カセット式VTRの開発を発表したのが1969年の今日

(日経「春秋」2014/10/29付) きょう10月29日はソニーの歴史に残る日のひとつだ。カセット式のカラーVTRの開発を発表したのが1969年のこの日だった。オープンリール式を週刊誌の半分ほどのカセットに変え、家庭にVTRが広がるきっかけをつくった。開発を指揮した木原信敏氏(後に専務)は、どうすればカセット式ができるか筋道を立てて取り組んだ。的を絞り、技術陣をひとつにした。木原氏のリーダーシップから学べるものは多い。人材の力を最大限に引き出すため、何をなすべきかを明確にし、そこに集中させる。いまのソニーに必要なのも、どうやって企業を成長させるか、ビジョンをはっきりさせることだ。不振事業の止血に追われるだけでは社員の士気も上がらない。創業者の井深大氏は新製品が生まれてもすぐに、「次はもっといいんじゃないの」と、新たな目標に向かって進めとハッパをかけた。勢いを取り戻す日は来るか。

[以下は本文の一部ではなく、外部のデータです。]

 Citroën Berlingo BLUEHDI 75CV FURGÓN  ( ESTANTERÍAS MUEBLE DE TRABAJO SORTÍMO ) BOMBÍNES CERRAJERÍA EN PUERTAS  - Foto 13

(JN) ベータビデオは良かった。ウォークマンは画期的だった。過去の遺産にもう助けてもらえない。ソニーという名前で、どこまで物が売れるのか。企業の世界は厳しい。資本主義において、会社が活き活きと生きて行くのは50年ぐらいなのであろうか。今のソニーは老齢期を迎え、やがて命を失うのか。灰になってから、不死鳥の如く返り咲くのか。大好きなソニーを応援したが、買うものがない。ここは立て直しを図り、アップルよりも魅力的な製品を作り出して欲しい。町工場から出直すには大きくなり過ぎたソニー、どんなダイエットをして、活気ある体にするのであろうか。組織は昔の戻れなくと、ものづくりの精神の原点は返ることができよう。魅力的な商品開発に期待する。